In the aftermath of the Gulf War, the United States equipped the Gulf Cooperation Council (GCC) states with advanced weaponry and provided training to enhance their ability to safeguard their territorial integrity and political interests, particularly against perceived threats from Iran and Iraq.
The Gulf region’s substantial reserves of oil and natural gas have rendered it globally significant, holding approximately 60% of the world’s proven petroleum reserves. This resource is crucial for the world economy, and the strategic location of the Gulf as a major shipping route between the East and West further amplifies its importance. The proximity to Russia adds an extra layer of geopolitical significance for the United States.

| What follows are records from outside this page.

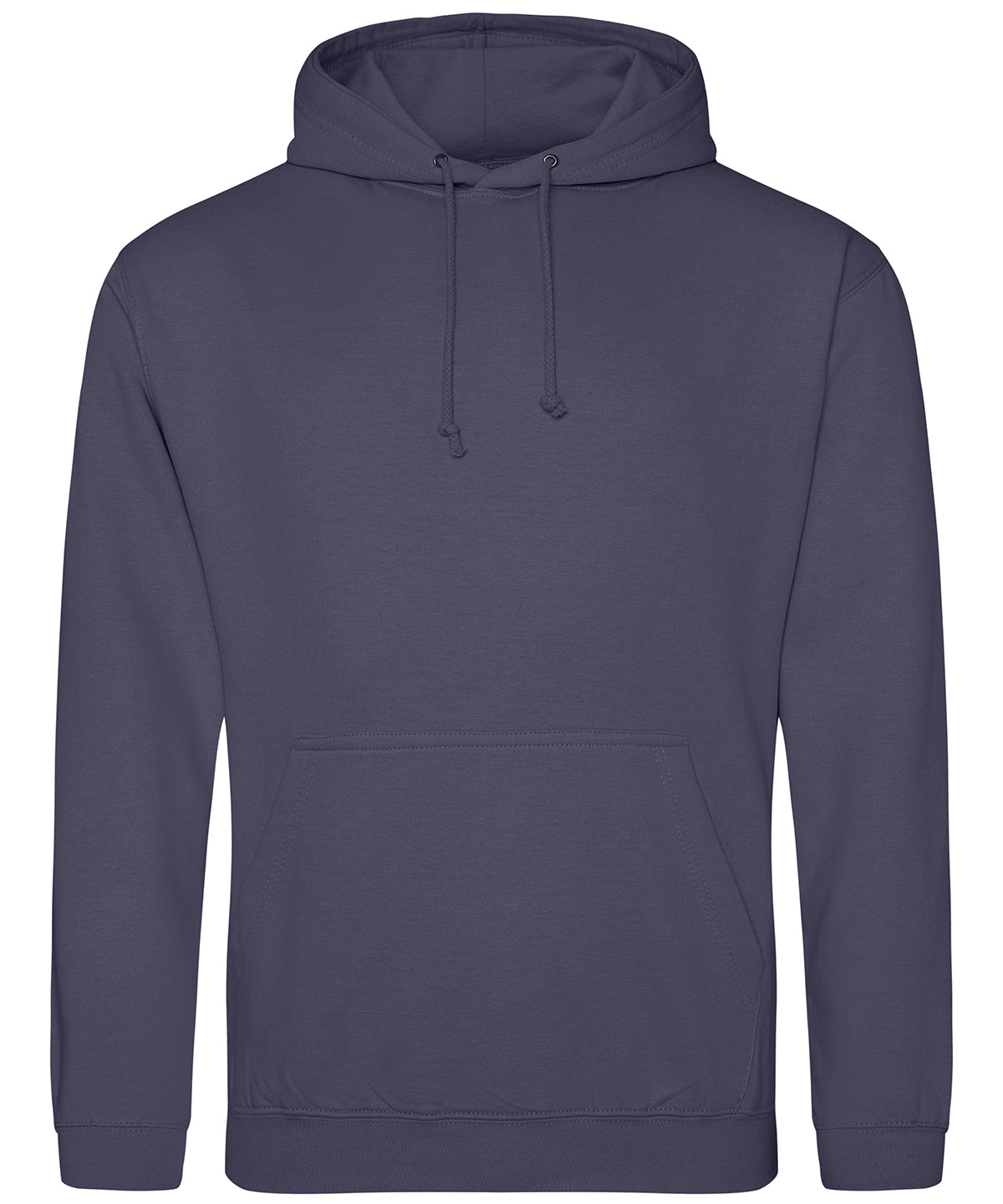 AWDis Just Hoods College hoodie in Shark Grey, front view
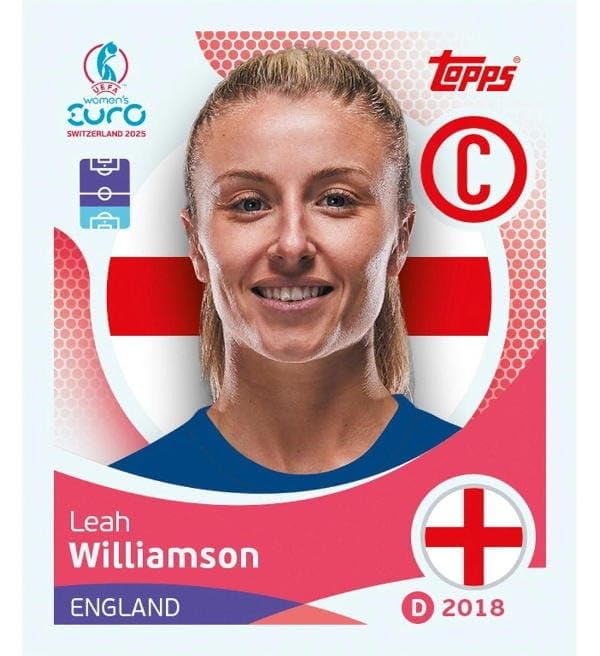 Official Women’s Euros 2025 Sticker Kollektion – Vollständige Box mit 50 Stickertüten (300 Sticker) – Offizielles Topps-Produkt zur Frauen-EM 2025 + Heartforcards® Versandschutz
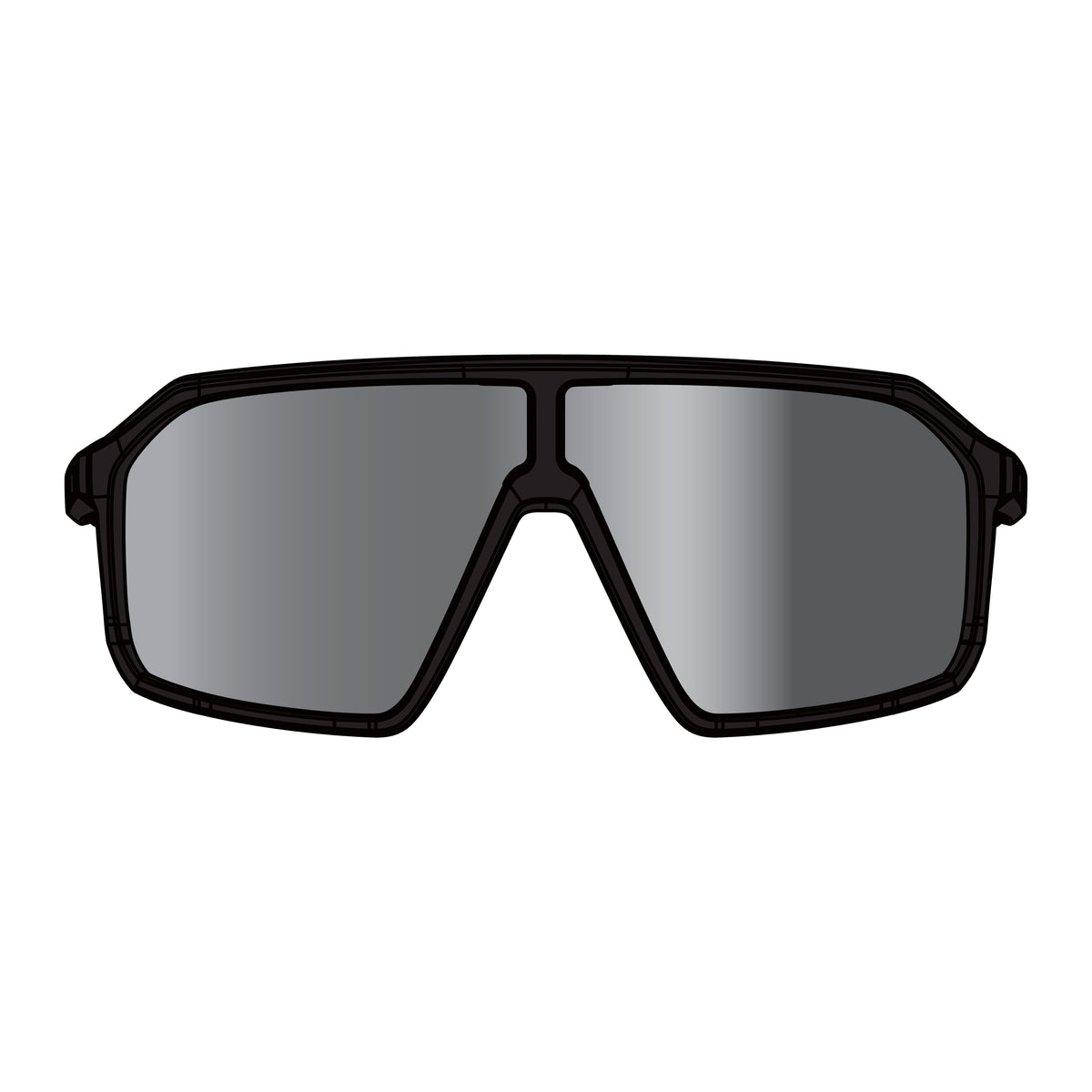 Okulary ENDURA MULLET Czarne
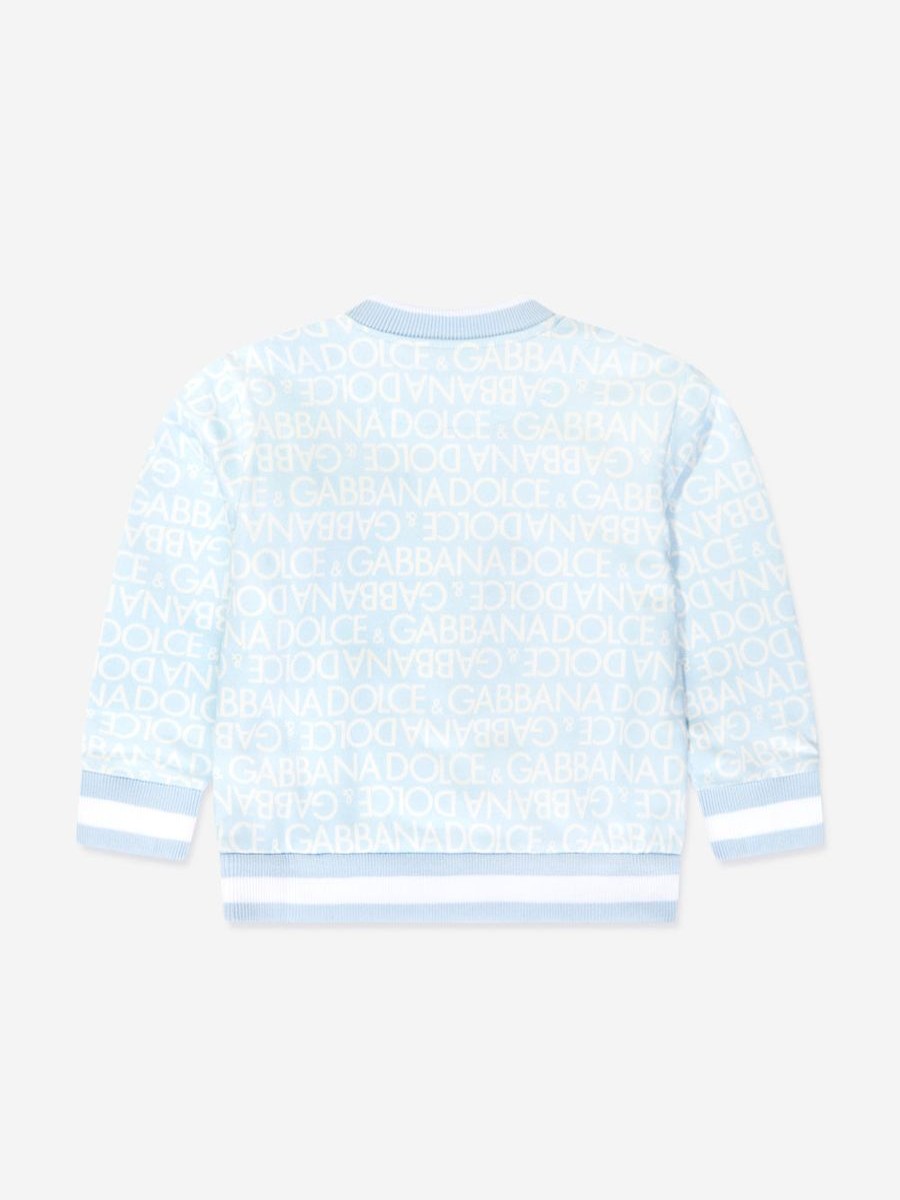 Baby Dolce & Gabbana Kids Sweatshirts & Hoodies | Baby Boys Leopard Sweatshirt In Blue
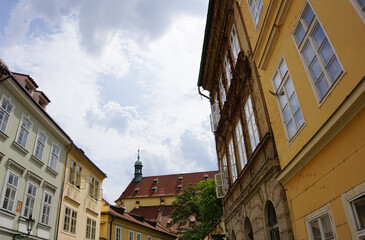 Low angle view of the buildings against sky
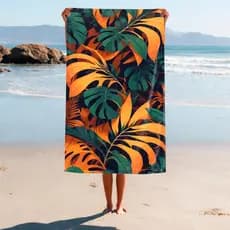 Canga de Praia Piscina Estampas Flores  Verao Envio Imediato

During the Cold War, U.S. security policy in the Gulf primarily focused on containing and countering the influence of the Soviet Union, radical nationalists, and left-wing movements in the region, as they were deemed the main threats to regional security and U.S. interests. Post-Cold War, following the Gulf War victory against Iraq, the perceived major threats shifted to Iran and Iraq. The “dual containment” policy aimed to weaken both countries militarily, politically, and economically. However, this strategy encountered challenges, particularly in Iran, where the Clinton Administration sought to normalize relations, especially following the rise of reformists led by President Khatami in Tehran in 1997.
Cold War
From the Truman Administration to the Reagan Administration, American policy objectives in the Gulf region were guided by a three-fold strategy. Firstly, it aimed to contain and counter Soviet political and military influence in the area. This approach was prompted by the Iranian crisis of 1946 and Stalin’s aggressive actions towards Iran, which heightened concerns about Soviet expansion. To achieve containment, the United States looked to the northern-tier nations, such as Turkey and Iran, as crucial allies.
The second goal was to ensure access to the Gulf’s oil supply. The significance of Gulf oil and the need to secure a steady and reliable source led to a proactive stance in safeguarding American interests in the region. This was particularly evident during the Truman Administration, which, in response to the Iran crisis, adopted a tougher stance against Stalin’s ambitions.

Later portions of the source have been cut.